The Children’s Museum launched its Artist-in-Residence program this year, starting with artist Jaime Molina’s three-month residency. Banowetz is the second artist to participate.

“The program came about as we were doing the museum’s expansion, because we wanted a way to connect children to the Colorado artist community,” explains Rachael Fischer, marketing coordinator at the Children's Museum, adding that the program “aspires to show that art can be anything — that it’s not constricted to one medium.”

The idea was to showcase the variety of art produced in Colorado, and Banowetz’s inflatable sculptures certainly do that. “Right now I’m telling guests at the Children’s Museum all about [rotifers], and then having the children draw their own versions of the tiny creatures," says the artist. Drawings of rotifers have slowly begun to fill the Artist-in-Residence Studio and are influencing the forms that Banowetz will create for the museum. At the end of her tenure, she'll leave one of her pieces with the museum.

“I hadn’t visited the Children’s Museum since I was a child, but I loved the idea of working in a space with children,” Banowetz says. She isn’t a stranger to teaching: Banowetz has assisted in summer art camps for kids, she mentored young people through Arts Street, and she’s currently a teaching artist with ArtReach and Think 360 Arts. “I’ve always felt art is a necessary subject for children; it teaches problem-solving and physical skills, which empower young people,” she says.

Banowetz shows work in galleries and at events and pop-up shows, and she even did a piece for a friend’s party once, creating a crashed air balloon that guests could climb into. “My work doesn’t exactly fit in coffee shops,” she says, noting that the pieces are too large, and the blowers are too noisy.

But the artist’s pieces definitely work well outdoors, and Banowetz has shown at Burns Park as part of the Burns Park Temporary Sculpture Celebration. “In Russia I showed pieces outside in the small town of Kronstadt,” she adds. “I also make inflatables as a part of Hanzon Studios for the Houston Zoo and its annual zoo lights event.”  
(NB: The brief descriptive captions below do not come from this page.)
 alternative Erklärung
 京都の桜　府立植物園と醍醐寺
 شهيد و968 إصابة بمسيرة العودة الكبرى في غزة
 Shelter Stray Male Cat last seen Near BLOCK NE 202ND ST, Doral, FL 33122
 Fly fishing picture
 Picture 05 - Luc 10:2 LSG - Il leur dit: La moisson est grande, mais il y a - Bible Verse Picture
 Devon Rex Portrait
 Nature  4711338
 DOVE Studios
Banowetz is currently working on a project for a light festival in Europe, as well as other pieces. “I will be showing in the lobby of GOCA in Colorado Springs for their Brilliant event, and I’m discussing showing work in the gallery of the Art Gym later this summer,” she says. Her piece for the Children’s Museum will be installed in late June and unveiled this July.
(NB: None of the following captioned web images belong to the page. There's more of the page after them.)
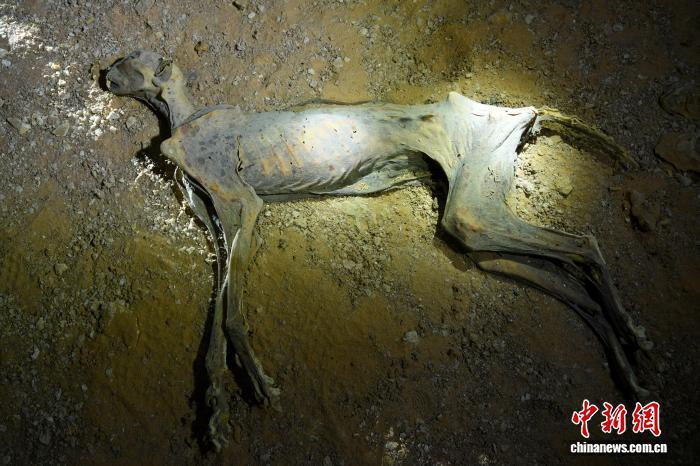 沙特北部洞穴发现木乃伊猎豹 最新研究或助猎豹重新引入阿拉伯半岛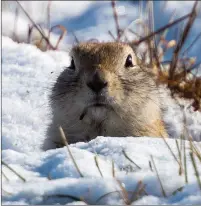  ?? Lethbridge Herald file photo by Ian Martens ?? A Richardson’s ground squirrel peeks out from its snow-covered burrow last February near the edge of a field on the north side of the city. Despite the seemingly early winter appearance, the critters are said to normally first pop above ground from hibernatio­n at this time of year. @IMartensHe­rald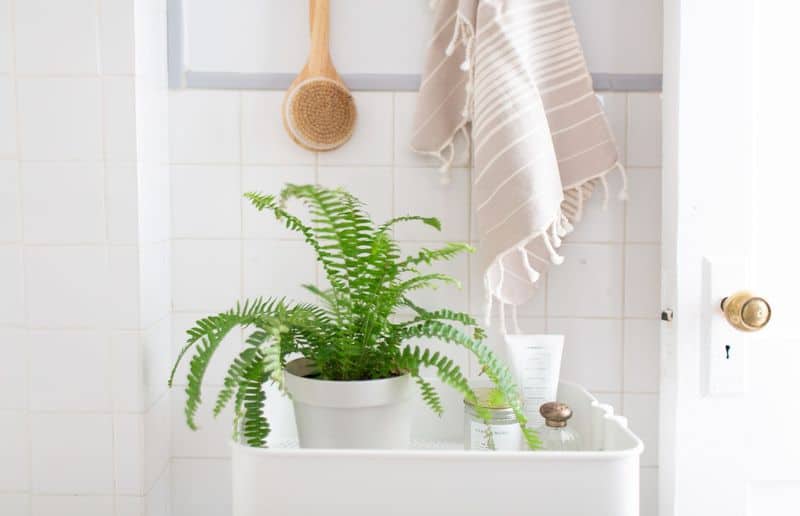 Incorporate Greenery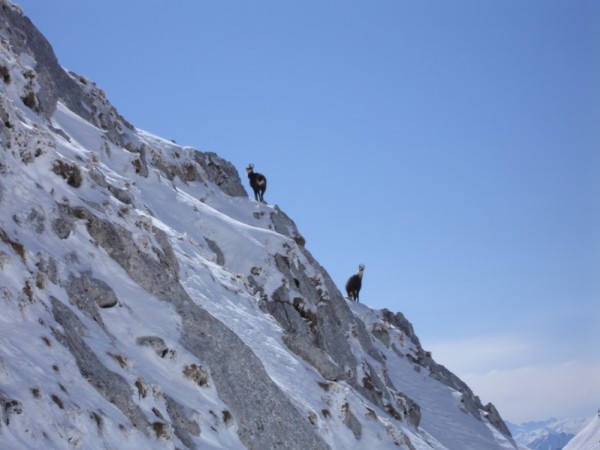 Les chamois : ...les chamois aussi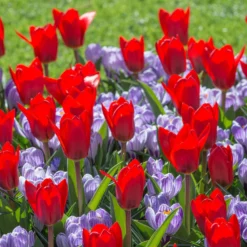 Crocus 'Pickwick' 12 Crocus 'Pickwick' -UK Garden Plants Sales 2024 crocus pickwick 2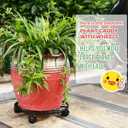 5 Packs 16 Plant Caddy with Wheels Metal Plant Stand on Wheels for Indoor and Outdoor Plants Rolling Plant Stand with Casters Heavy Duty Plant Dolly Roller Caddy, Black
You don’t have to wait until the unveiling to see Banowetz’s Children's Museum work, though. As part of her residency, the sculptor is holding studio hours from 11 a.m to 1 p.m. Wednesdays and 11 a.m. to 2 p.m. Saturdays.  And from 5:30 to 7 p.m. on Wednesday, May 18, Banowetz will host a special workshop at her museum studio with what she promises will be “some really cute, compelling visuals,” as children design their own inflatable sculptures from plastic bags.